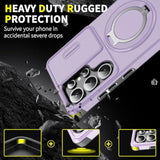 Purple Samsung Galaxy S22 Ultra 5G Shockproof Phone Case with Artistic Design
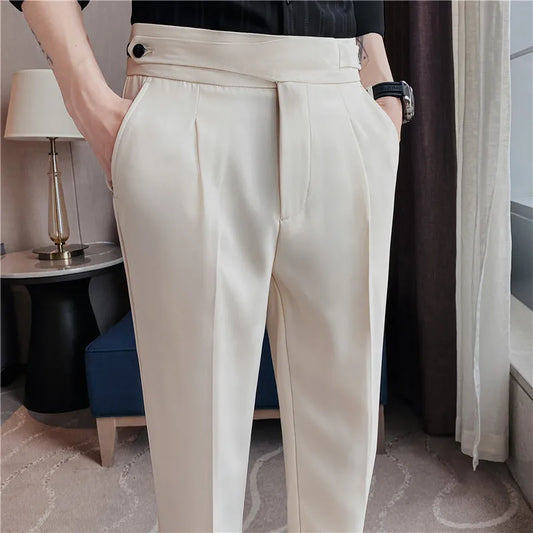 saferido Spring Summer New Fashion Drape High Waist Suit Pants Men Clothing Full Length Slim Fit Casual Straight Office Trousers 36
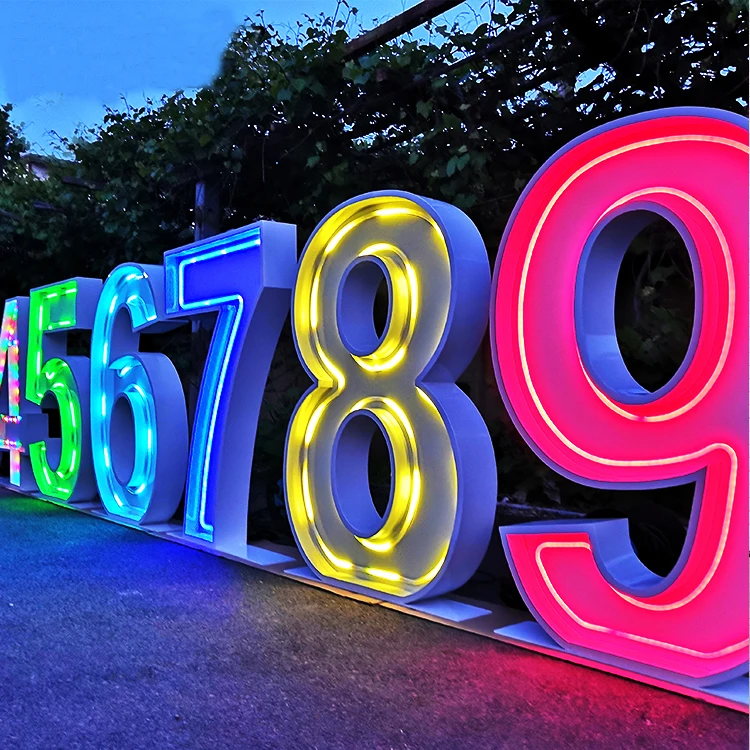 WOWORK fushun High quality LED front lit metal event large RGB marquee neon light letters numbers for wedding decoration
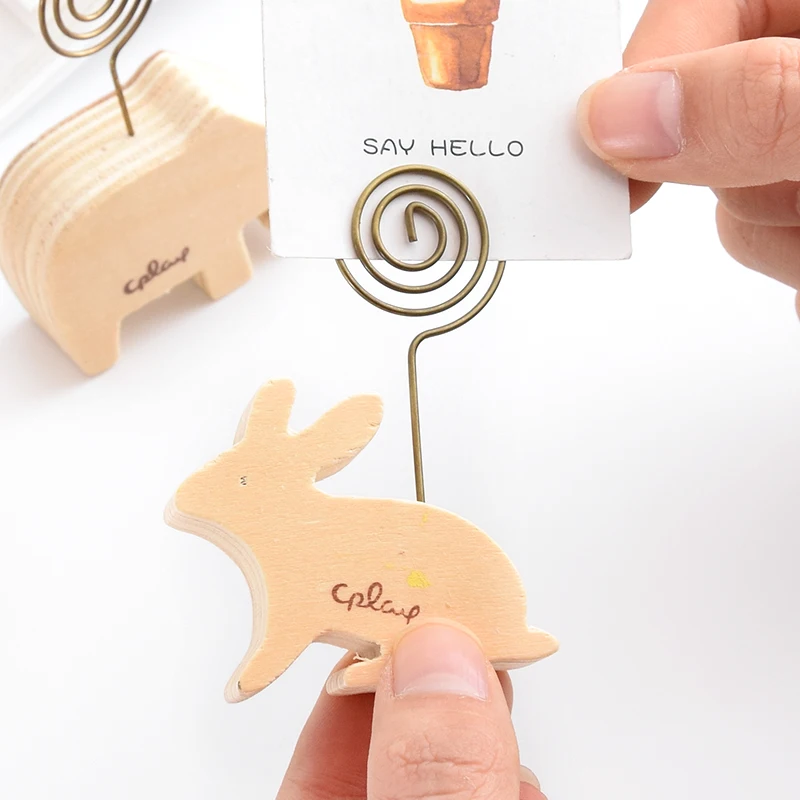 New Creative Wooden Stationery Holder Animal Message Folder Student Cute Business Card Notes Folder Photo Postcard Clip School
New Creative Wooden Stationery Holder Animal Message Folder Student Cute Business Card Notes Folder Photo Postcard Clip School
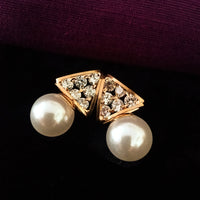E0617_Lovely triangular shaped studs with a touch of shiny pearls & stones.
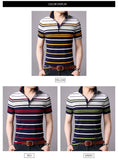 2019 New Fashions Brand Designer Polo Shirt Mens Striped Summer Slim Fit Short Sleeve Top Grade Boys Polos Casual Men Clothing - one46.com.au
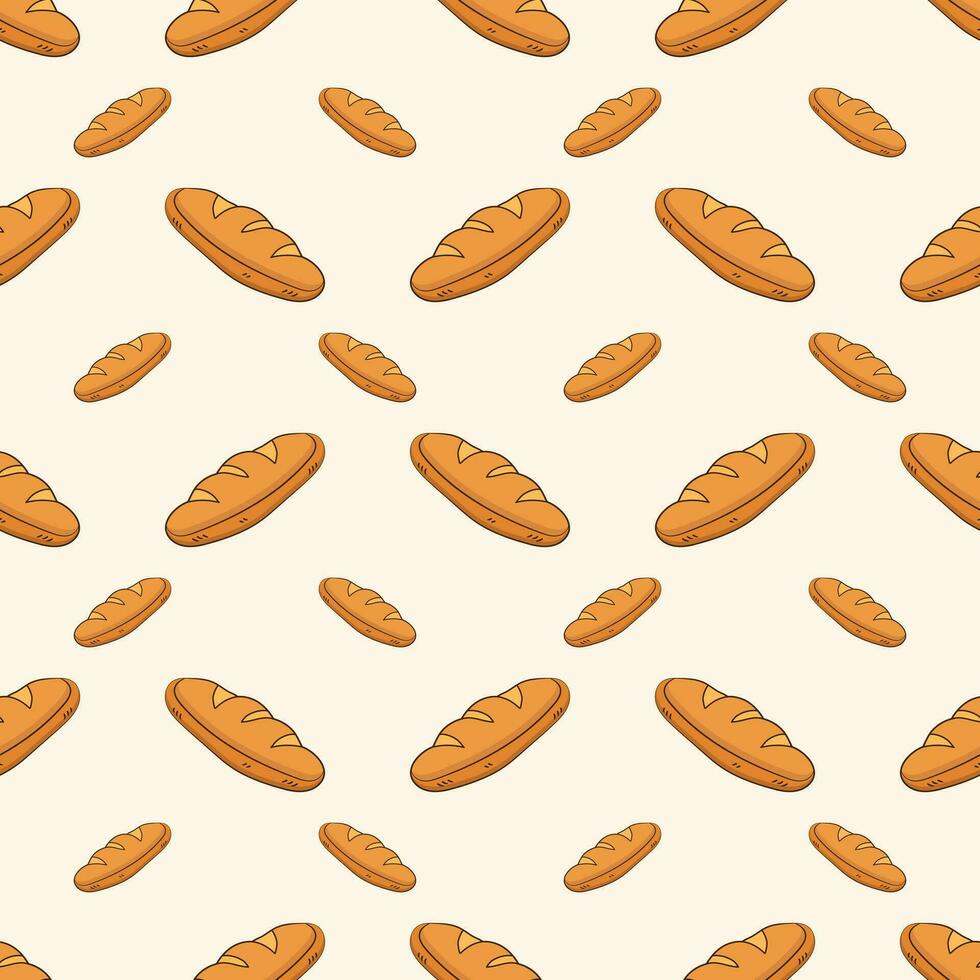 Seamless pattern fresh loaves bread isolated on background. vector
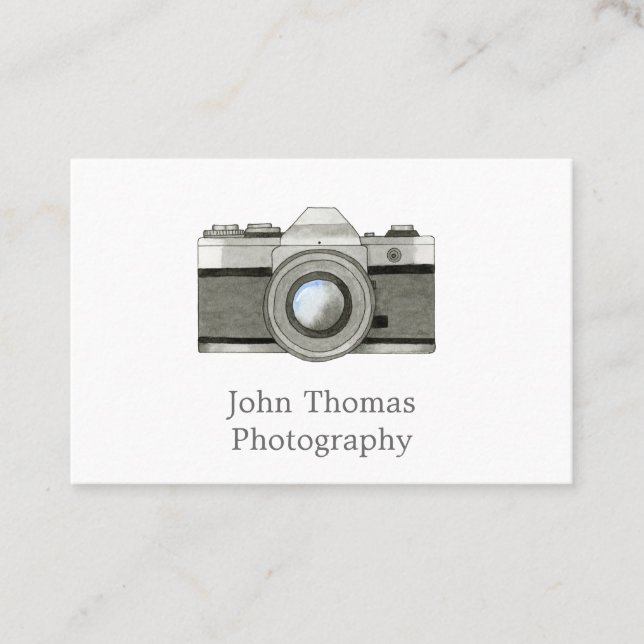 Carte de visite d'aquarelle de caméra reflex vinta (Devant)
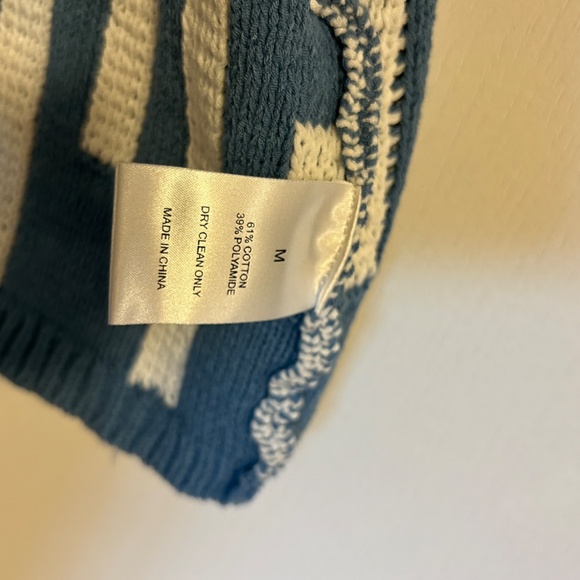 ULLA JOHNSON Blue Fringed Textured Knit Top (New without Tag) - Picture 7 of 7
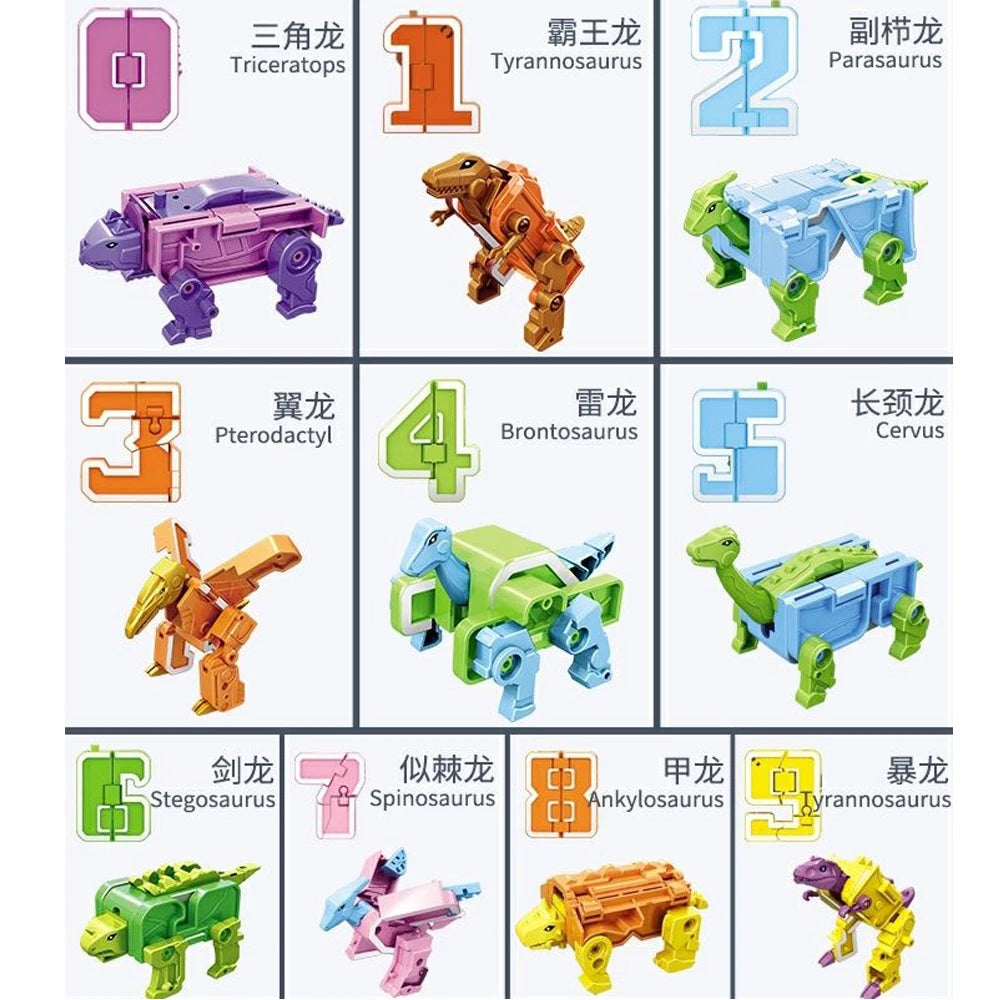 Number Dinosaur Robot Transformers Toy Set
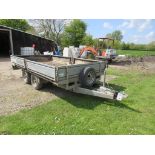 Nugent twin-axle dropside trailer, 3.7m x 2m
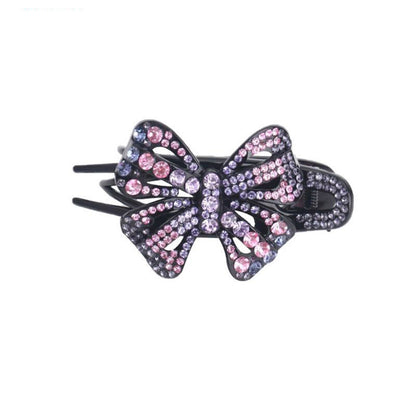 Bow three-tooth duck bill clip rhinestone grab clip
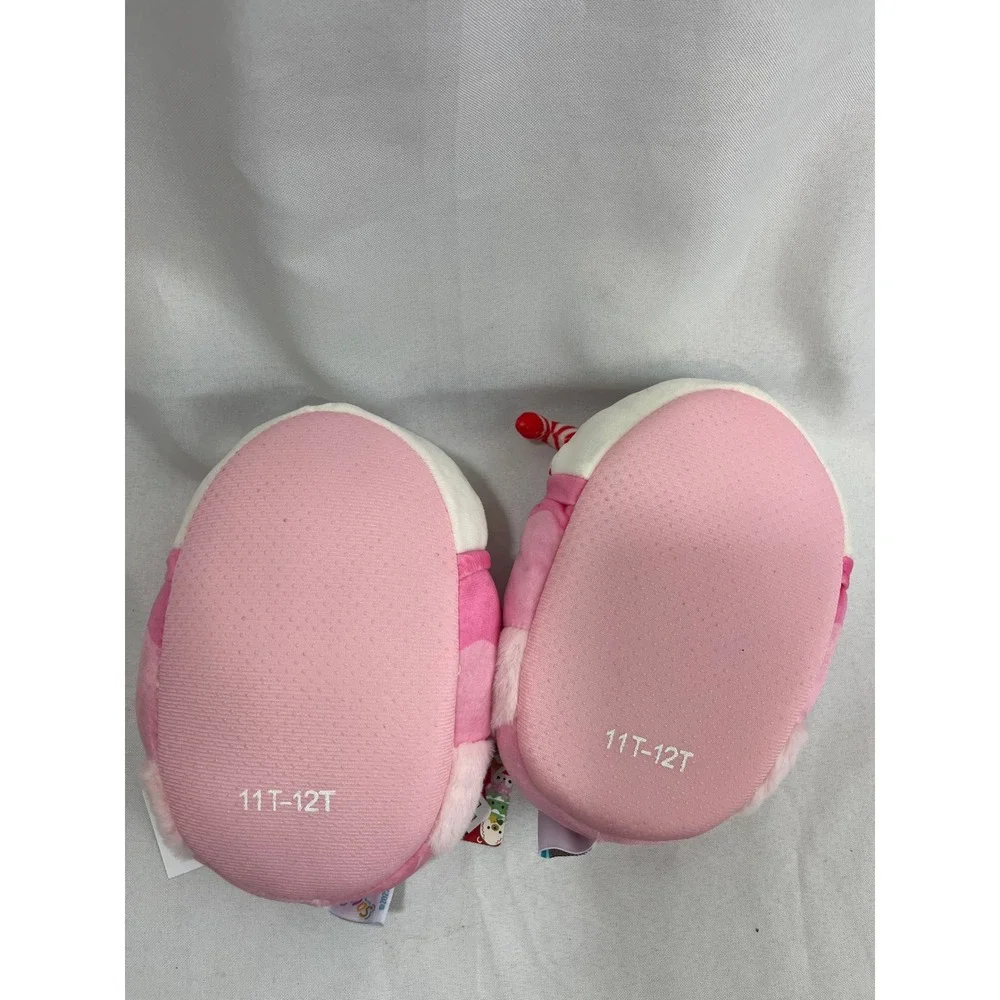 Squishmallows Peppermint Hot Cocoa Plush Slippers Pink Kids Size 11/12 NWT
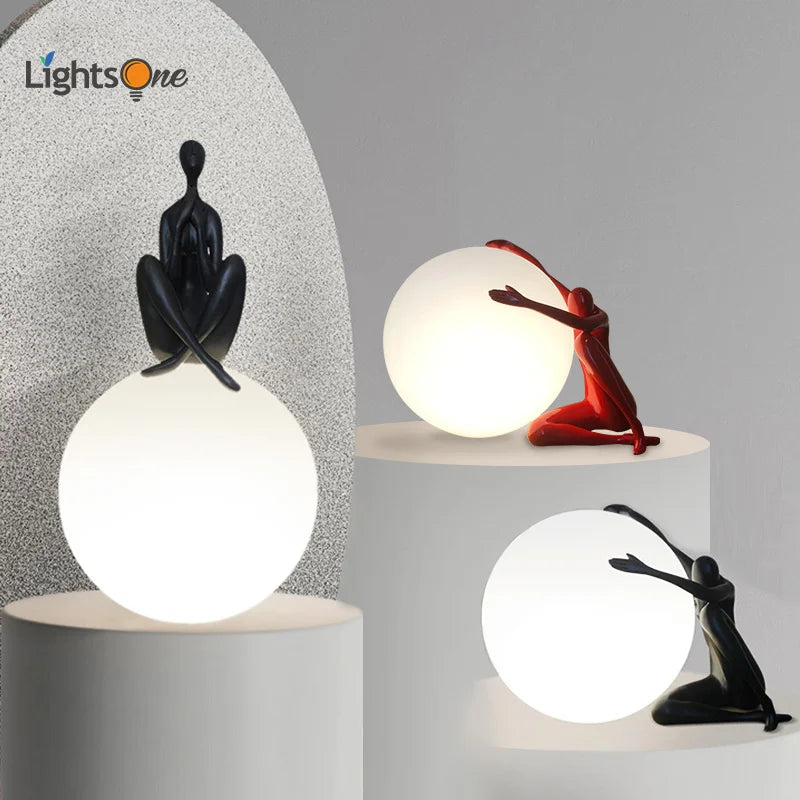 DecorBites™ Abstract Humanoid Ball Holder Table Lamp - Modern Art Sculpture Light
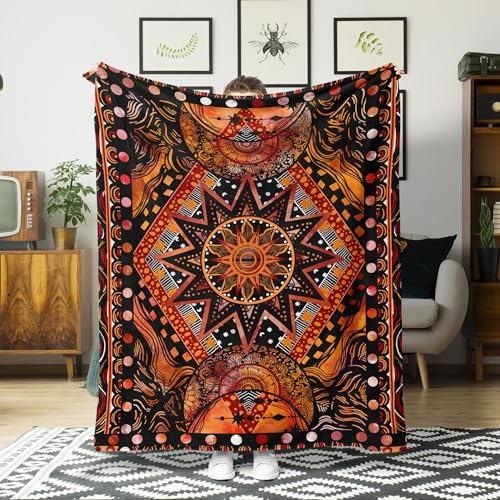 Orange Ceometric Art Throw Blanket for Indoor/Outdoor Decor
◇ ◇ ◇ ◇ ◇ ◇ ◇
- _DESCRIPTION OF THE TASK_
In the entries above, find the line that contains "Seamless pattern fresh" and the line that contains "Number Dinosaur Robot Transformers Toy Set". Reproduce exactly those two lines and every line between them, but not the pictures.

- _SOLUTION FOR THIS EXERCISE_
 Seamless pattern fresh loaves bread isolated on background. vector
 Carte de visite d'aquarelle de caméra reflex vinta (Devant)
 ULLA JOHNSON Blue Fringed Textured Knit Top (New without Tag) - Picture 7 of 7
 Number Dinosaur Robot Transformers Toy Set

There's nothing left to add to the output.